Hi all,
I used to receive a text file which consists of records like below.
Input:
Code:
AN 111
Region
Type
Category
12 August 2022
3 July 2020
1 August 1997
AN 112
Region
Type
Category
27 Jan 2022
12 July 2021
Output
Code:
AN 111
Region
Type
Category
12 August 2022
AN 112
Region
Type
Category
27 Jan 2022
I have to manually remove the date records(except first one) before next group records and please refer the above output file.
Can someone throw a light on how to remove using sort. I will give a try. Please note that the date records can be N number. Also region, type, category records are also not consistent. But the group records always starts with AN.
Joined: 15 Aug 2015 Posts: 1023 Location: Bamberg, Germany
Code:
OPTION COPY
INREC IFTHEN=(WHEN=INIT,OVERLAY=(89:1,17)),
IFTHEN=(WHEN=INIT,
FINDREP=(INOUT=(C' January ',C'01',
C' February ',C'02',
C' March ',C'03',
C' April ',C'04',
C' May ',C'05',
C' June ',C'06',
C' July ',C'07',
C' August ',C'08',
C' September ',C'09',
C' October ',C'10',
C' November ',C'11',
C' December ',C'12',
C' Jan ',C'01',
C' Feb ',C'02',
C' Mar ',C'03',
C' Apr ',C'04',
C' Jun ',C'06',
C' Jul ',C'07',
C' Aug ',C'08',
C' Sep ',C'09',
C' Oct ',C'10',
C' Nov ',C'11',
C' Dec ',C'12'),DO=1,SHIFT=YES,STARTPOS=89)),
IFTHEN=(WHEN=GROUP,
BEGIN=(89,16,SS,RE,C'^AN[ ][0-9]+[ ]*$'),PUSH=(81:ID=4)),
IFTHEN=(WHEN=(89,16,SS,RE,C'^[[:digit:]]{7,8}[ ]*$'),
OVERLAY=(85:SEQNUM,4,ZD,RESTART=(81,4)))
OUTFIL FNAMES=(SORTOUT),
OMIT=(85,4,ZD,GT,+1),
REMOVECC,
BUILD=(1,80)
END
I guess, the main problem is: to detect the first date within a group when the date lines are not consecutive:
Code:
AN 111
Region
Type
Category
12 August 2022
Extra line <--- this will cause some headache....
3 July 2020
1 August 1997
AN 112
Region
Type
Category
27 Jan 2022
12 July 2021
Maybe we can exclude this case as never occurred?
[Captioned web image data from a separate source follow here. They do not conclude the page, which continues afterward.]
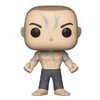 Funko Pop Movies: Split - Beast Collectible Figure, Multicolor
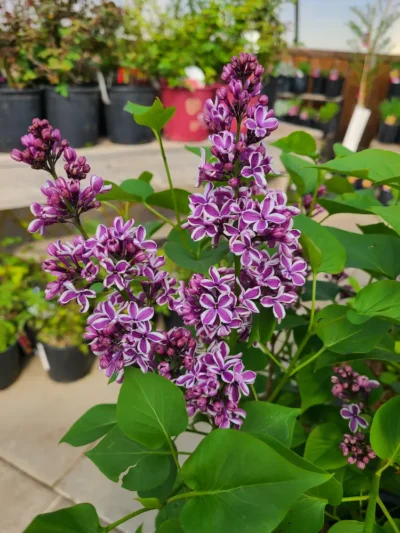 Sensation French Lilac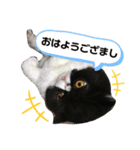 エキゾチックの博士スタンプ3（個別スタンプ：3）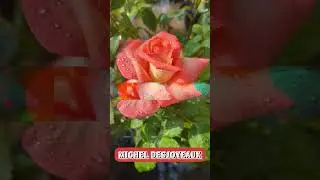 MICHEL DESJOYEAUX Rose #shorts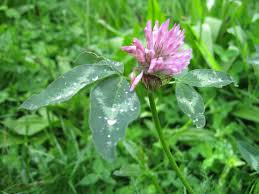 We did not find results for: Red Clover Plant Lore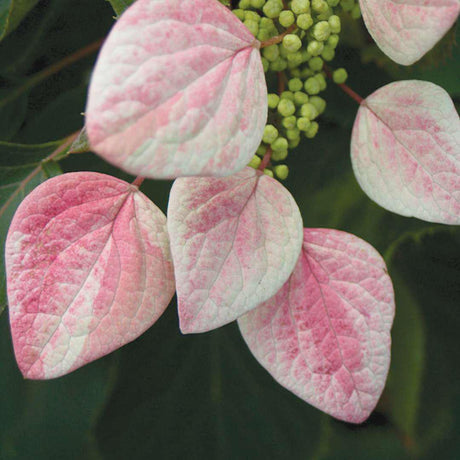 ROSE SENSATION false hydrangea vine with pink blooms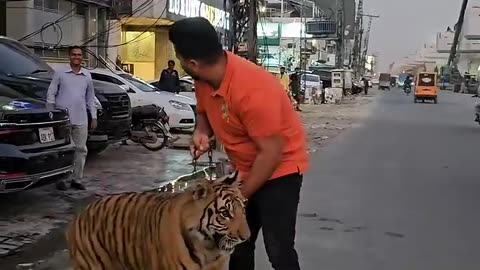 Tiger man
Who knows...
Hi Sergeyken / Joerg,
Sorry for replying late. It was very urgent, so i completed that work manually and closed it and I completely forget about this post.
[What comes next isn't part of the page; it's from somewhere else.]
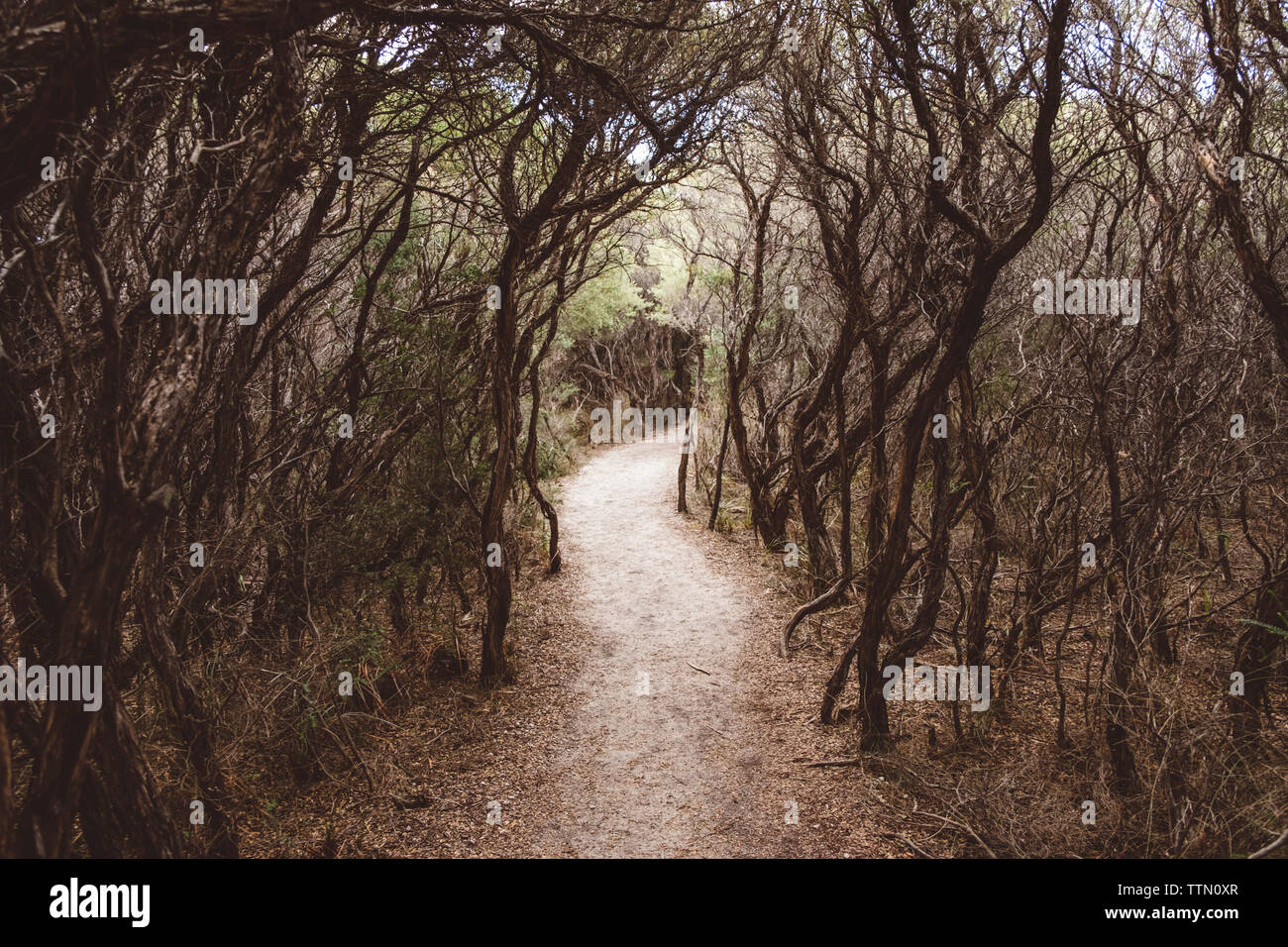 Sentier au milieu d'arbres en forêt à Wilsons Promontory National Park Banque D'Images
Today I tried on my input file. My input file is of FB/300 length. So i modified the sort accordingly.
@ Joerg,
First i tried with your sort card. Job ran fine, but the output came as it is. Not sure on the reason, I will look into it and get back.
Code:
OPTION COPY
INREC IFTHEN=(WHEN=INIT,OVERLAY=(309:1,17)),
IFTHEN=(WHEN=INIT,
FINDREP=(INOUT=(C' JANUARY ',C'01',
C' FEBRUARY ',C'02',
C' MARCH ',C'03',
C' APRIL ',C'04',
C' MAY ',C'05',
C' JUNE ',C'06',
C' JULY ',C'07',
C' AUGUST ',C'08',
C' SEPTEMBER ',C'09',
C' OCTOBER ',C'10',
C' NOVEMBER ',C'11',
C' DECEMBER ',C'12',
C' JAN ',C'01',
C' FEB ',C'02',
C' MAR ',C'03',
C' APR ',C'04',
C' JUN ',C'06',
C' JUL ',C'07',
C' AUG ',C'08',
C' SEP ',C'09',
C' OCT ',C'10',
C' NOV ',C'11',
C' DEC ',C'12'),DO=1,SHIFT=YES,STARTPOS=309)),
IFTHEN=(WHEN=GROUP,
BEGIN=(309,16,SS,RE,C'^AN[ ][0-9]+[ ]*$'),PUSH=(301:ID=4)),
IFTHEN=(WHEN=(309,16,SS,RE,C'^[[:DIGIT:]]{7,8}[ ]*$'),
OVERLAY=(305:SEQNUM,4,ZD,RESTART=(301,4)))
OUTFIL FNAMES=(SORTOUT),
OMIT=(305,4,ZD,GT,+1),
REMOVECC,
BUILD=(1,300)
END
@ Sergeyken,
Yours worked like a charm. It removed all the unwanted date records except the first one on the group.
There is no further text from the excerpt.